17.07.2012. | Автор:

Материальная жизнь кельтов (как и вообще всех древних до Римской империи) была крайне простой, экономическая система — действенной и крепкой, а их политические принципы отличались стабильностью. Выборность власти являлась, судя по всему, прави­лом, а там, где этого правила уже не существовало, как, например, в Галлии эпохи Цезаря, его отсутствие было свидетельством стреми­тельно надвигающегося распада, ибо правильное функционирование традиционной политической системы обеспечивалось совершенным равновесием, согласием между друидом и царем, поскольку царь из­бирался из воинского класса под контролем друидов. Однако если царь не мог обойтись без друида, друид тем более не мог нормально исполнять свои обязанности вне царского двора. Vergobretus (в этом случае название функции и человека, который ее осуществляет), ко­торого Цезарь описывает у эдуев первого века до н. э., занимал место царя. Цезарь не ошибается, говоря о regia potestas («царской вла­сти»), что не должно было подвигнуть его соотечественников отно­ситься к галлам с особой симпатией.

В то время, как друид пользовался всякого рода привилегиями (прежде всего освобождением от налогов и воинской службы, что не запрещало ему сражаться, будь на то желание или надобность), в то время, как его авторитет и престиж были безграничны, на кельтско­го владыку возлагались многочисленные запреты, ирландские гейсы: не покидать территорию королевства, не брать слова раньше друида, не проводить более восьми ночей вне своей резиденции — вот при­меры религиозно-магических запретов, которым он мог подчинять­ся. Общество рассматривало его скорее как посредника или распре­делителя благ, а не как обладателя гражданской и военной власти. К нему поступают налоги и дань от вассалов, покоренных народов и союзников, от него исходят дары, щедроты и милости.

Архетипом кельтского владыки является тот, кому плоды доб­рого правления и материальная удача позволяют дарить, не скупясь, без счета и без отказа. Время правления доброго короля — это век всеобщего изобилия: земля плодородна, скот плодовит, правосудие снисходительно, военные удачи постоянны. Дурной же король об­ременяет подданных налогами и поборами, ничего не предлагая им взамен: в его царствование земля не родит, скот перестает плодить­ся, суд неправеден и придирчив, поражения в военных затеях неот­вратимы. Чаще всего дурной король, изнуренный властью, кончает плохо, по крайней мере в преданиях, он умирает тройной смертью жертвы: его убивают враги, топят в чане с пивом или медом, сжига­ют живьем в собственном доме в соответствии с предсказанием или сатирой друида. В предании Cath Maighe Tuireadh («Битва при Маг Туред») рассказывается, что «временный» король Брес, дурно обо­шедшийся с одним филидом («поэтом»), иначе говоря — с друидом, был принужден знатными мужьями Ирландии «сложить с себя прав­ление». Но в действительности король Ирландии никогда не «скла­дывал с себя» власть: он терял ее с жизнью, обычным его концом была смерть от руки будущего короля, более молодого и сильного, чем он.

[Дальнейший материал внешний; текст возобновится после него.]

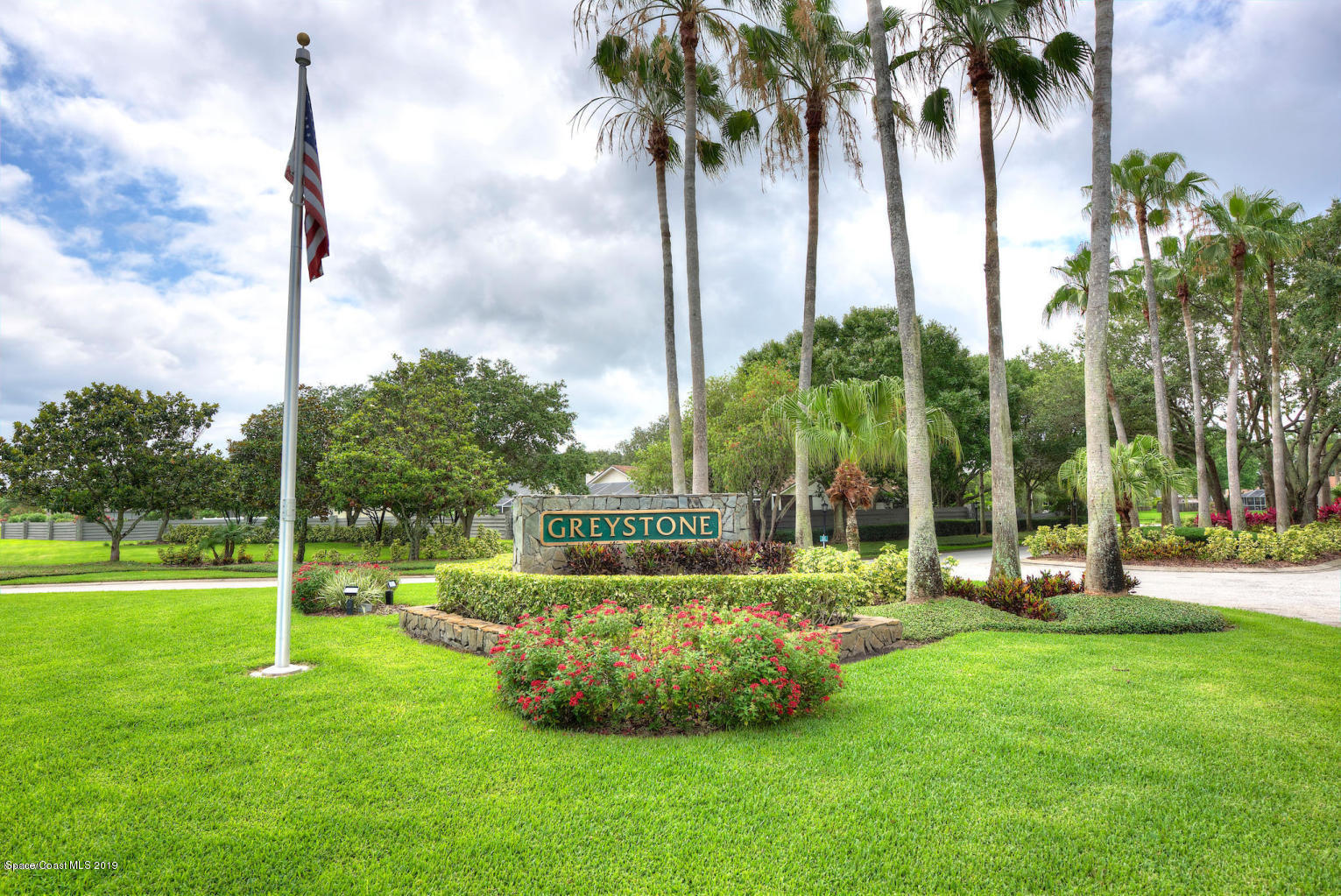 3435 Holly Springs Road Melbourne, FL 32934 - Photo 40 of 40 Low annual HOA Fees
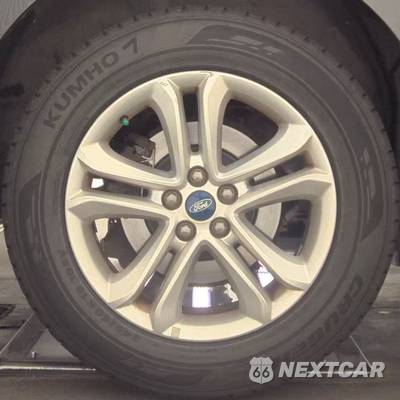 2019 Ford Edge SEL - zdjęcie 26 z 34 - miniatura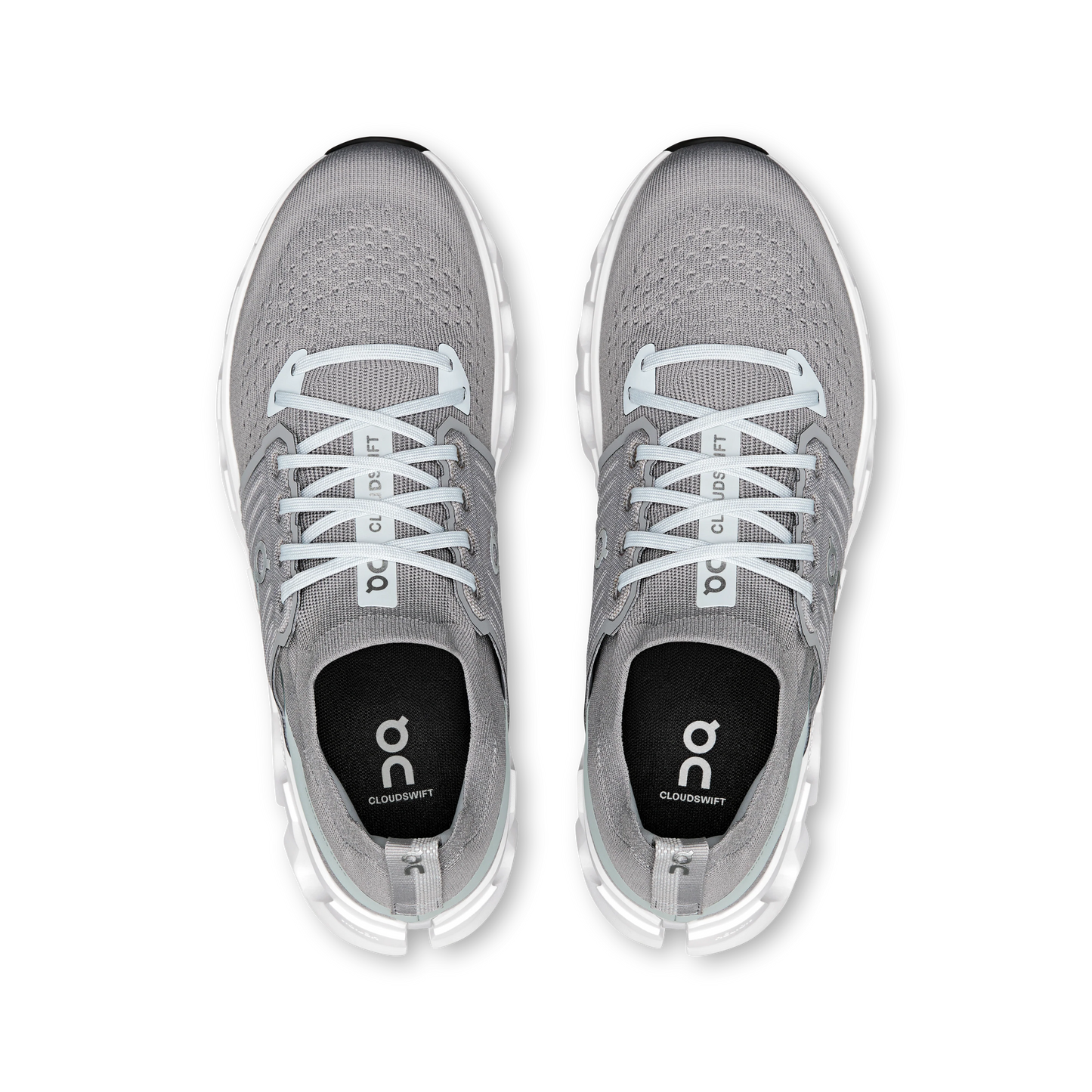 Cloudswift 4 Alloy | Glacier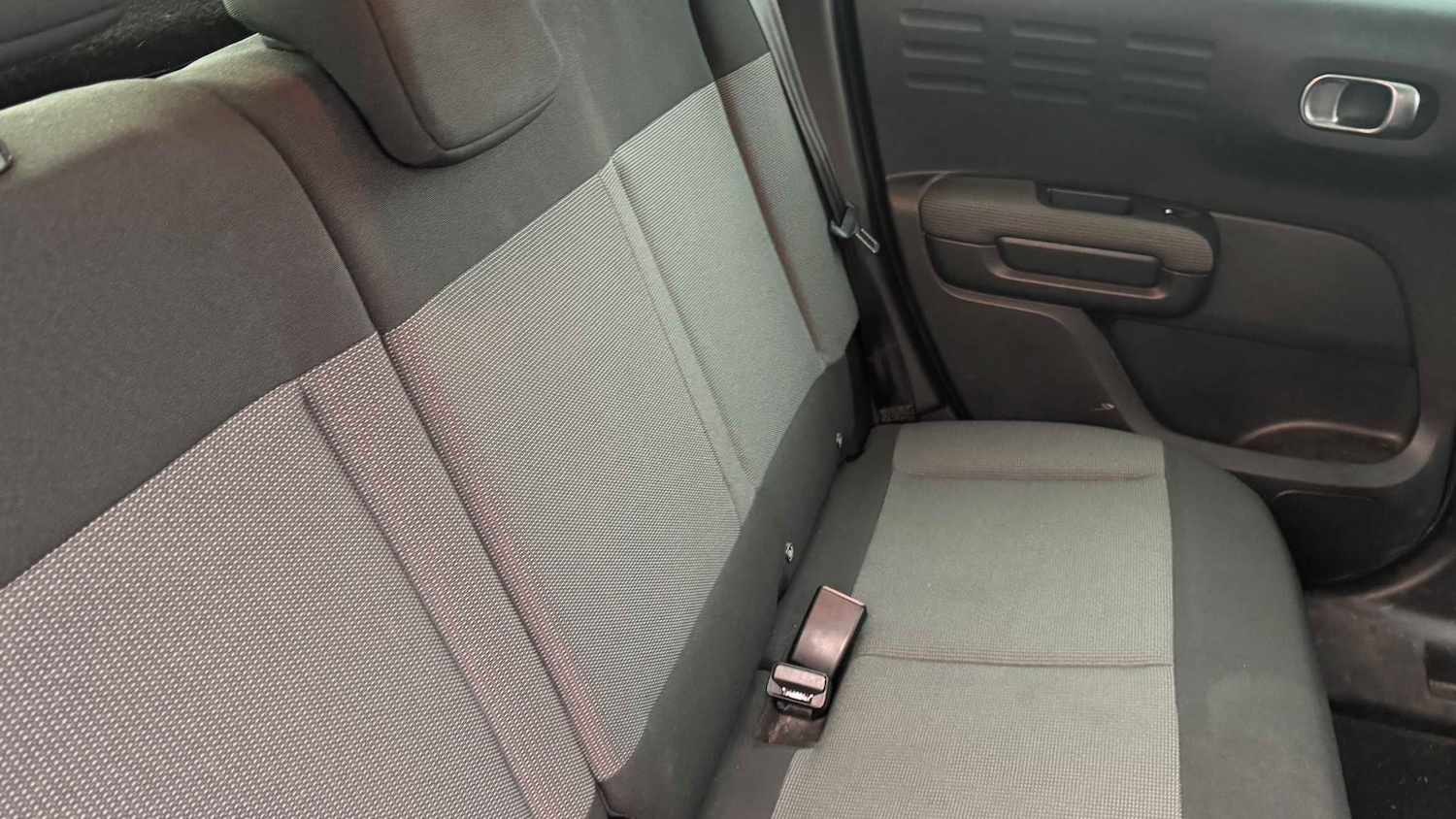 Used Citroen C3 Aircross 2022 for sale - 76875851: Photo 9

Всем этим объясняется, почему в стабильной политической системе ирландские короли (или галльские цари) были правителями легко уязвимыми и за редкими исключениями, которые отмечены в летописях, находились у власти совсем недолго. От владыки требо­валось сочетание стольких достоинств, что лишь немногие благо­родные кандидаты в короли могли удовлетворить этим требованиям. Кроме того, государственная структура была «вертикальной», вы­строенной на феодальный манер и целиком вписанной в личные от­ношения между королем и его вассалами, основанные на взаимной верности и доверии. Ирландская система правления была сложным сочетанием наложения и сопряжения власти местных королей, пра­вящих небольшими районами (tuatha), и власти королей «провин­ций» (coiced «пятина») под началом высшей власти короля Тары, скорее номинальной, чем реальной. Высшая власть «верховного ко­роля» (ardri), была вожделенной, но опасной для ее обладателя: ее мог удержать лишь тот, кто сочетал в себе и достоинство, и силу.

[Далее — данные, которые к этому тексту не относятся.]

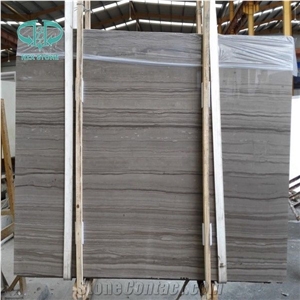 Grey Wood Marble,Athens Grey Marble,Athens Silver Marble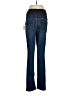 Old Navy - Maternity Blue Jeans Size 8 - photo 2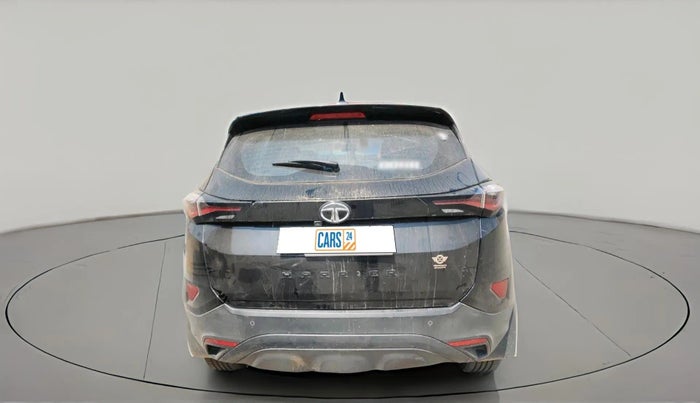 2022 Tata Harrier XZA PLUS 2.0L DARK EDITION, Diesel, Automatic, 88,982 km, exterior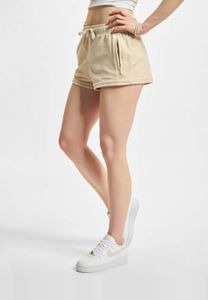 lässige Juicy Couture Damen Shorts Beige
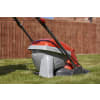 Flymo hover hot sale vac 250 wickes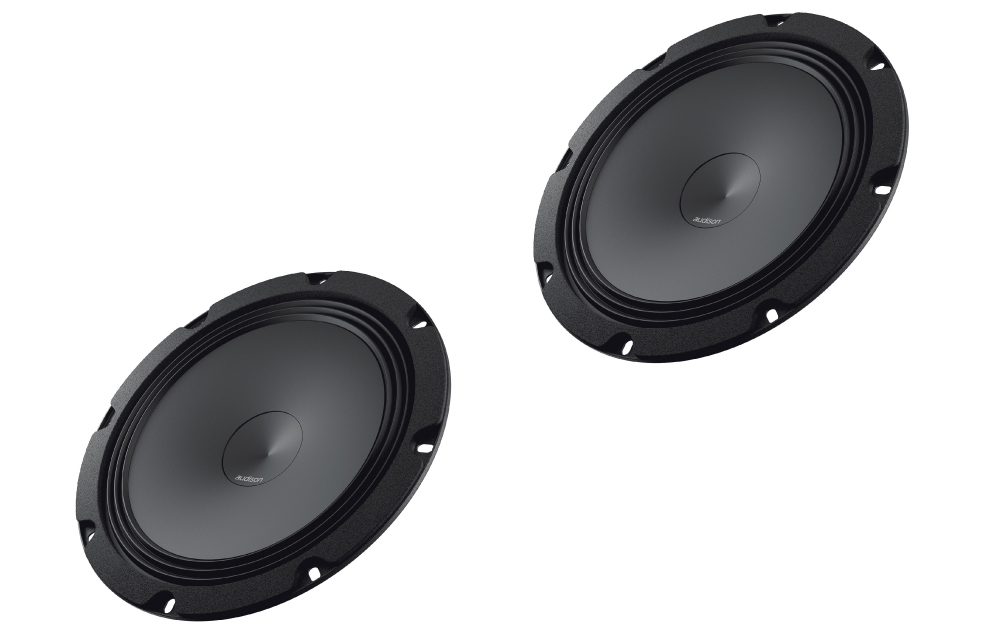 Audison AP8 Prima kick bass 200 mm/8" - 4 ohm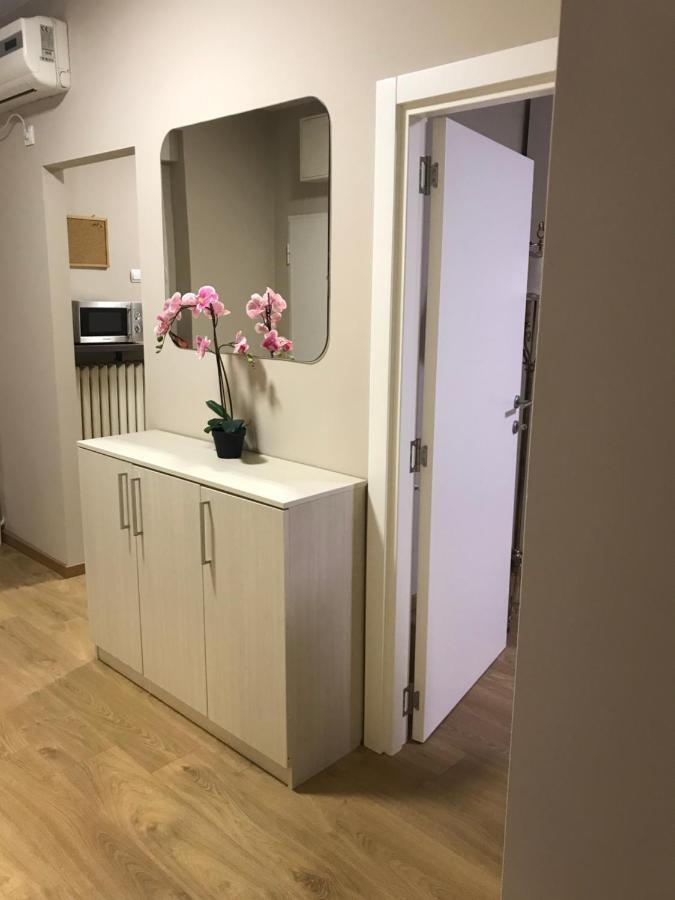 Td City Center Apartment Βελιγράδι Εξωτερικό φωτογραφία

Ибо, в отличие от египетских фараонов или царей некоторых семит­ских традиций, кельтский царь не был жрецом: он не осуществ­лял религиозных функций.

Служилый люд короля был немногочисленным: челядь, управ­ляющие, воины, свинопасы, друиды или предсказатели, поэты, рас­сказчики и т. д., в христианскую эпоху появляются капелланы. Ни у меровингских, ни у кельтских королей не было чиновников. Все, что они даровали, всякий раз возвращалось к ним сторицей, ибо их щед­роты создавали или укрепляли личные связи: вознаграждение не имело ничего общего с регулярным жалованием, выплачиваемым за исполнение той или иной должности согласно определенному уста­ву или законодательному акту.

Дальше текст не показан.